Si supierais cuántas veces he pensado en quitarme la vida… acabar con todos mis problemas, acallar las voces, olvidarme de Gabriel, de sus ofensas, librarme de todo su desprecio, grosería, dureza, agresividad, violencia… Pero tengo demasiado miedo. Un terror calado en mí, agarrado a mis huesos e incrustado en cada fibra de mi ser. Quiero desprenderme de él, de la sensación de sentirme impotente, de los temblores y del sudor de manos, de las lágrimas… Simplemente no puedo, y me detesto por ello.
Acabo la noche acurrucado en la cama y contando los minutos que faltan para el amanecer. Me gustaría ser capaz de parar el tiempo o de romper el despertador. Cualquiera de las dos opciones suena tan bien…
***
Gabriel. Últimamente oigo demasiado mi nombre retumbando por los pasillos de casa. No quiero salir de mi cuarto, ni mucho menos enfrentarme a la cara avinagrada de mi padre y a sus constantes insultos, pero si hay algo que deteste más que ir al colegio es quedarme a solas con él. Así que cruzo rápidamente la distancia que separa mi habitación de la puerta principal, resuelto a marcharme. Pienso que lo he conseguido y me dispongo a cerrarla cuando… «¡Gabriel!». Es su voz ronca y cansada. Me llama desde la cocina. Temerosamente asomo la cabeza. Se encuentra inclinado sobre la mesa, con el pelo desaliñado y unas cuantas latas de cerveza vacías y esparcidas sobre un montón de papeles.

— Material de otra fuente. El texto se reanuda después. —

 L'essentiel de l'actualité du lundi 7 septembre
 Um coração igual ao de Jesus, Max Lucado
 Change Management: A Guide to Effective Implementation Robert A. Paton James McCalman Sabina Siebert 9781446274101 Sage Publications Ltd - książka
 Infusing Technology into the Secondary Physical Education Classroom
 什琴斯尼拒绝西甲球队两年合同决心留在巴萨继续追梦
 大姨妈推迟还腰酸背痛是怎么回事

—Gabriel, ¿acaso te pensabas ir a la escuela sin desayunar? Inútil… Haz el favor de no hacer ninguna estupidez. Quiero ver ahora mismo cómo te bebes un vaso de leche… ¡Y tráeme una cerveza!
Con manos temblorosas saco la leche y la cerveza de la nevera y cojo un vaso. De camino a la mesa tropiezo con una lata vacía y el vaso se me desliza por las manos, rompiéndose con estrépito contra el suelo. El ruido parece despertar a mi padre de su estado de sopor. Se incorpora rápidamente. Acto seguido, un pie impacta en mis costillas y un dolor agudo comienza a extenderse por mi cuerpo. Retrocedo rápidamente y le veo acercarse amenazante. Su cara encarnada parece exhalar humo. Pienso que se podría encender una hoguera en su frente.

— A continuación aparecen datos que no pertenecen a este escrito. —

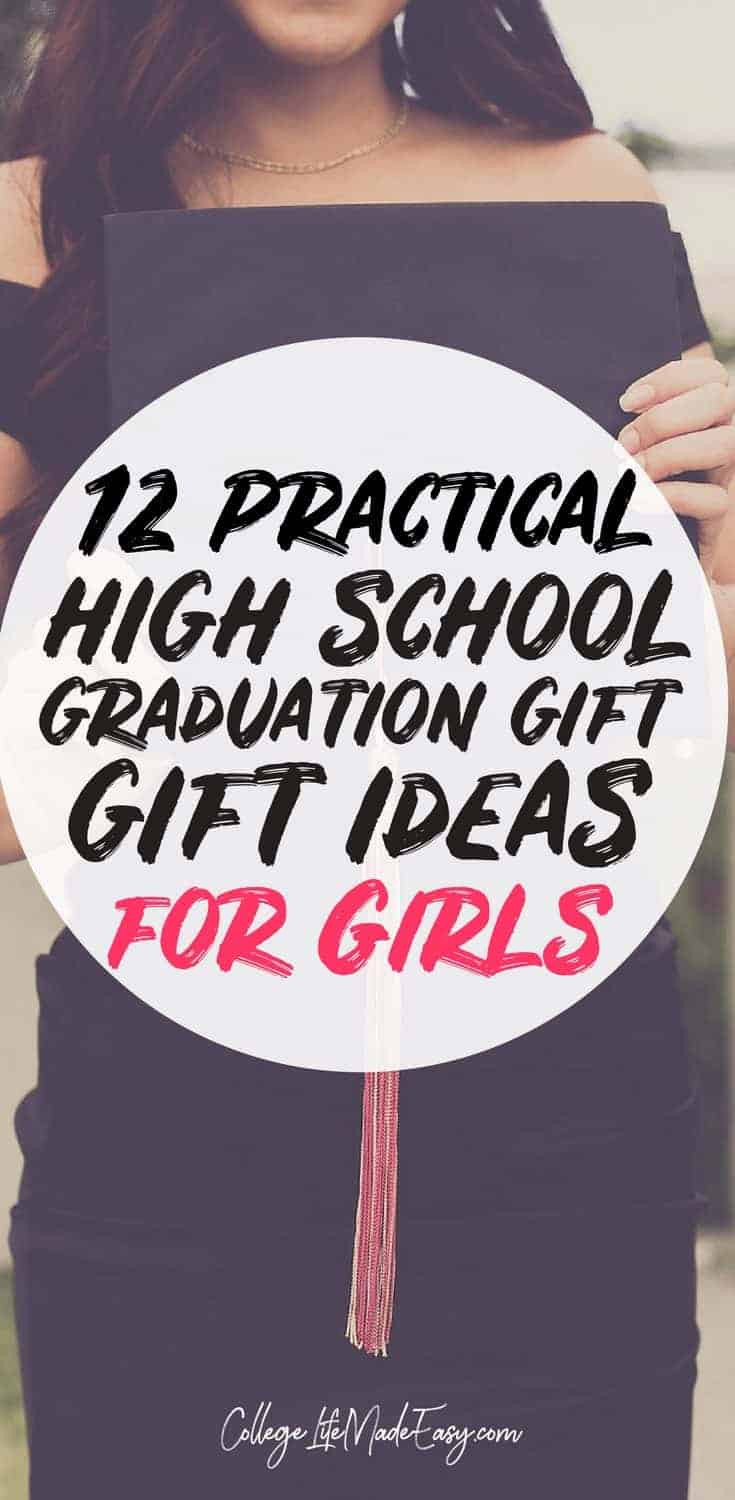 Girlfriend Graduation Gift Ideas
 12 Original & Inexpensive High School Graduation Gifts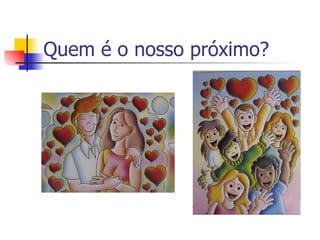 Quem é o nosso próximo? 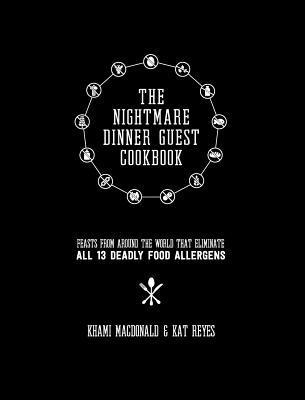 Kat Reyes, Khami MacDonald, Khami Macdonald - Nightmare Dinner Guest Cookbook, Inbunden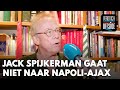 Jack Spijkerman gaat niet naar Napoli-Ajax: 'Daar heb ik geloof ik niet zoveel zin in'
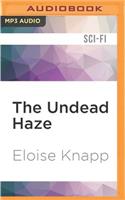 Undead Haze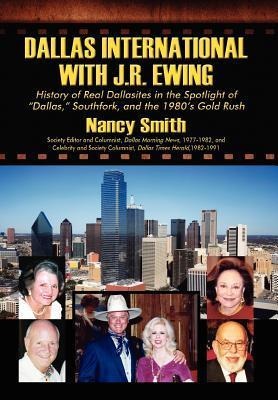 Dallas International with J.R. Ewing: History of Real Dallasites in the Spotlight of Dallas, Southfork and the 1980s Gold Rush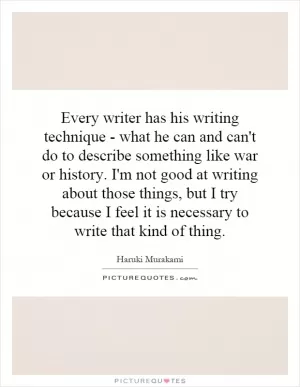 Every writer has his writing technique - what he can and can't do to describe something like war or history. I'm not good at writing about those things, but I try because I feel it is necessary to write that kind of thing Picture Quote #1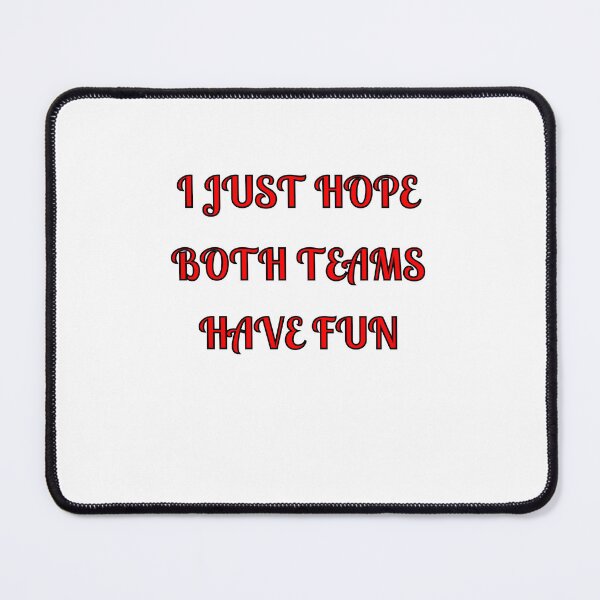 Item preview, I Just Hope Both Teams Have Fun designed and sold by Fleetwood1994.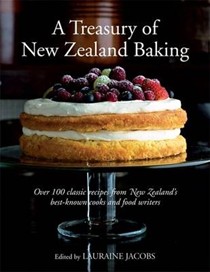 A Treasury of New Zealand Baking: Over 100 Classic Recipes from New Zealand's Best-Known Cooks and Food Writers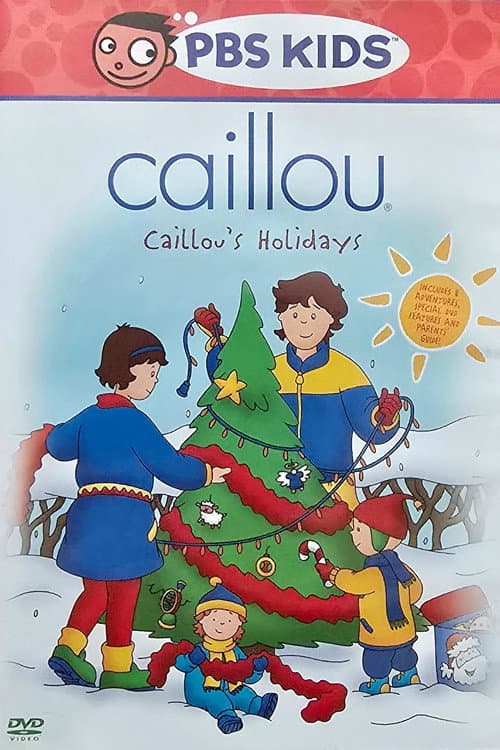 Постер: Caillou's Holidays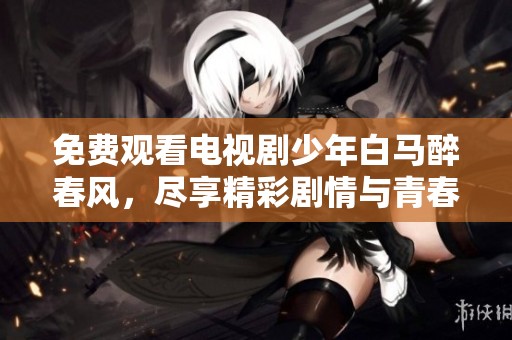 免费观看电视剧少年白马醉春风，尽享精彩剧情与青春热血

No soy capaz de mirarlo a los ojos; me quedaría paralizado. De momento prefiero acurrucarme contra la pared y apartar la vista mientras él continua gritándome y pegándome.

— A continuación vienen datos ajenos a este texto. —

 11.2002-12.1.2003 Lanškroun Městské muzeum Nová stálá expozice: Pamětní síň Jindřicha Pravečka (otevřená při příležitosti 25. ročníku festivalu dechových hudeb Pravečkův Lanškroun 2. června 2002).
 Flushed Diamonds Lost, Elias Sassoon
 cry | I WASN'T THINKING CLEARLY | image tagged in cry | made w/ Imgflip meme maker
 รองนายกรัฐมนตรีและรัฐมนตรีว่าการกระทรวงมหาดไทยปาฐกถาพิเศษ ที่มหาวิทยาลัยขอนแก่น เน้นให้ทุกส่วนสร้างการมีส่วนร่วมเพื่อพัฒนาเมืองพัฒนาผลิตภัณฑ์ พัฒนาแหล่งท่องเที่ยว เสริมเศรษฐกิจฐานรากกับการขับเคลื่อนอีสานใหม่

—¡Maldito inútil y desagradecido! ¡Ojalá tu madre nunca me hubiera dejado con semejante idiota!… ¡Vete de una vez, antes de que me arrepienta!
Atemorizado, huyo de casa sin detenerme a coger de nuevo la mochila. No hay tiempo para esa trivialidad. Mi único objetivo ahora es correr lejos de casa, lejos de él mientras pienso en todas esas familias felices, como de cuento, en la suerte que tienen… Adrián, ese estúpido, no sabe lo afortunado que es por contar con unos padres como los suyos. Me da rabia.
Noto mis piernas fatigadas, pero sigo corriendo mientras la ira se acrecienta en mi interior. Por eso, cuando llego al colegio soy un huracán que arrasa con todo a su paso. Intento calmarme… sin embargo, cuando veo a Adrián en su pupitre vuelvo a pensar en sus padres y en el mío, y la cólera vuelve a prenderse dentro de mí.
Es la hora del patio y Adrián está ante de mí, asustado. Con una mano me tiende su bocadillo. «Es de chorizo, otra vez… No me lo creo». Irritado, le lanzo el bocadillo a la cara y le escupo.
—Lo has hecho adrede… Sabes que me da asco el chorizo.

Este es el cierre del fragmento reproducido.